Vivan los pelos que vuelan libres, que se
enredan en los dedos del amado, que se pegotean con el chicle descuidado, que
se ondulan o alisan según el estado de ánimo de la dueña. Vivan los pelos que
se mueven al ritmo del caminar, del bailar o del amar, en resumidas cuentas,
¡viva el pelo al talco! (obvio, tal como salió de la ducha) esas eran mis
consignas cabellísticas.
Todo iba muy bien hasta que hace unos 5 años
más o menos pasó algo inesperado, me estaba mirando al espejo y ¡¡oh!! justo al
medio de mi despeinada cabellera se levantaban dos pelos más despeinados que el
resto… ¡¡¡de color blanco!!!! Traté de ignorarlos pero fue inevitable porque no
sólo era su color, es que eran más cortos que el resto y dele con pararse a
llamar la atención, juro, que no tuve alternativa, un día ayudada de una pinza
los tiré y los saqué de cuajo, me sentí aliviada de no verlos pero me duró
poco, días después descubrí con estupor que los viles habían vuelto, pero esta
vez traían a varios amiguitos suyos. ¿Aceptar que el tiempo pasa
inexorablemente? ¡¡Nunca!! Soy tan rebelde como mi pelo, y un día me fui en
picada contra todas las indiscretas canas, ¡qué se han creído! No van a venir a
hacerme ver más vieja de lo que soy, Ja!! Y las saqué una por una con
premeditación y alevosía.
Por harto tiempo se me hizo hábito buscar las
canas y sacarlas, lo malo es que siempre encontraba nuevas, y cada vez más…
cierto día caí en cuenta que de seguir con ese tratamiento iba a terminar
calva, lo que me haría ver bastante peor.
Tratando de buscar una solución que no me
hiciera claudicar de mi promesa de pelo libre, encontré un remedio maravilloso,
la Henna, me la recomendó una amiga, era un producto natural que camuflaba a
las indiscretas y se iba de a poco, con el lavado de pelo. Ya lo dije,
maravilloso, la Henna, mi pelo y yo éramos el trío perfecto.
No tengo claro qué hice mal, pero de pronto
la Henna se iba más rápido que eyaculador precoz, no camuflaba tanto las canas,
y lo poco que lo hacía se iba al primer lavado, por lo que hubo que cambiar de
estrategia. Hasta entonces me resistía a la obligación de la peluquería, las
visitaba solo lo necesario para “cortarme las puntas” y mantener un pelo sano, pero
a esa altura necesitaba una opinión especializada así que fui y me dieron el antídoto ideal, un tinte sin
amoníaco que cubre las canas y se va con los lavados sin dejar marcas.

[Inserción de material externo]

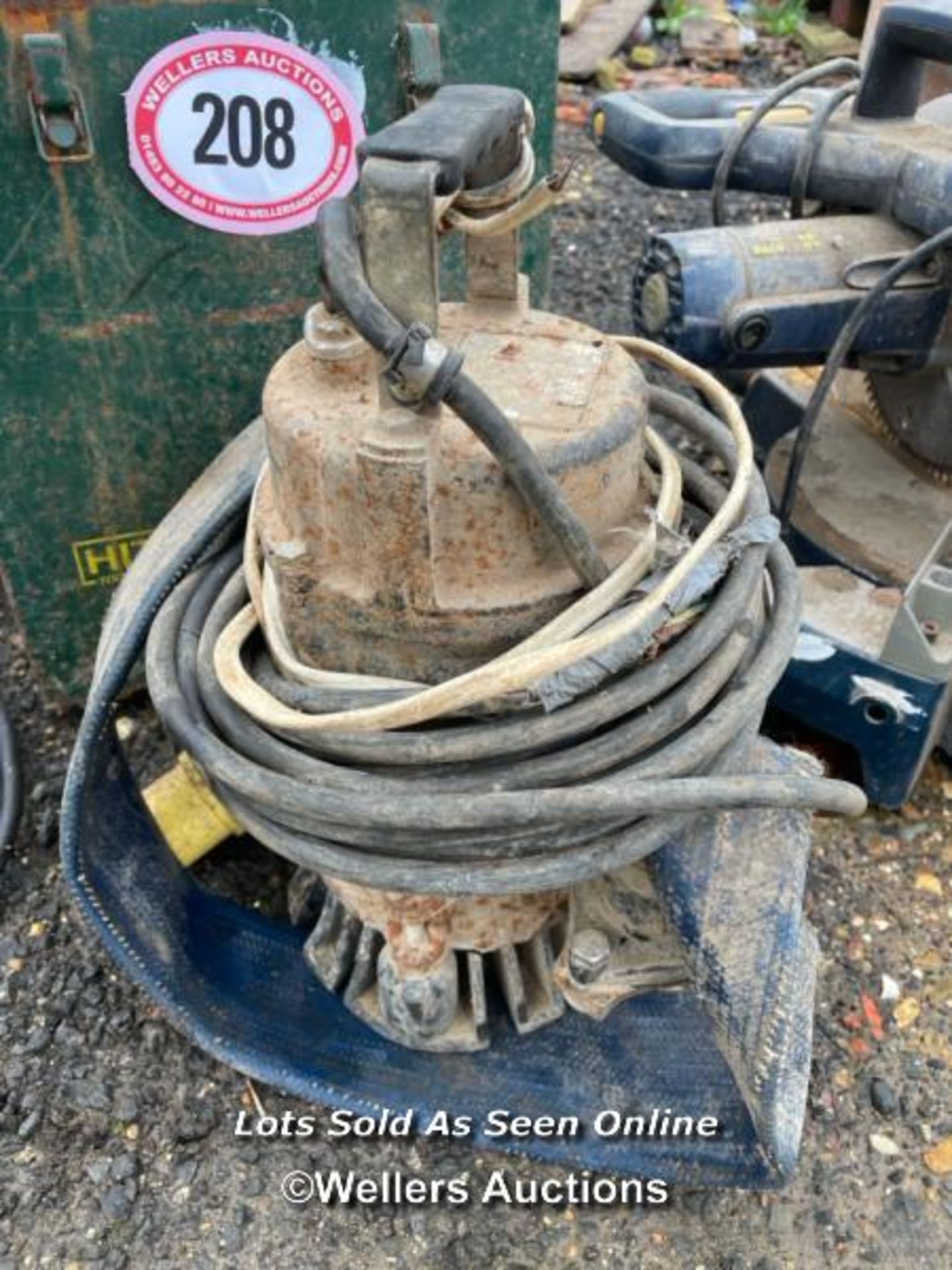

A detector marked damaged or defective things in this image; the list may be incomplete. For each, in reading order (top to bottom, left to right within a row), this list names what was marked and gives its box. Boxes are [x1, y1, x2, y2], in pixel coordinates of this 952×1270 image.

rusty pump body [58, 81, 863, 1178]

Con ese tinte estuve un par de años, se suponía
debía ir cada vez que fuera necesario. Yo estiraba harto el tiempo porque nunca
tan canosa tampoco, y por último, porque me negaba a la esclavitud de la
peluquería mensual. Esa resistencia me duró hasta que volvieron a aparecer esos
dos pelos blancos que se paran rebeldes e indómitos llamando la atención de
quién esté hablándome de frente. Era muy notorio e incómodo, la gente en vez de
mirarme a los ojos me miraba los pelos blancos parados al medio de mi cabeza.
Hace poquito con rabia, pena y mordiendo mis
consignas de pelo al talco me fui al sillón del peluquero y acepté la
esclavitud de la visita mensual como quién se resigna a lo inevitable.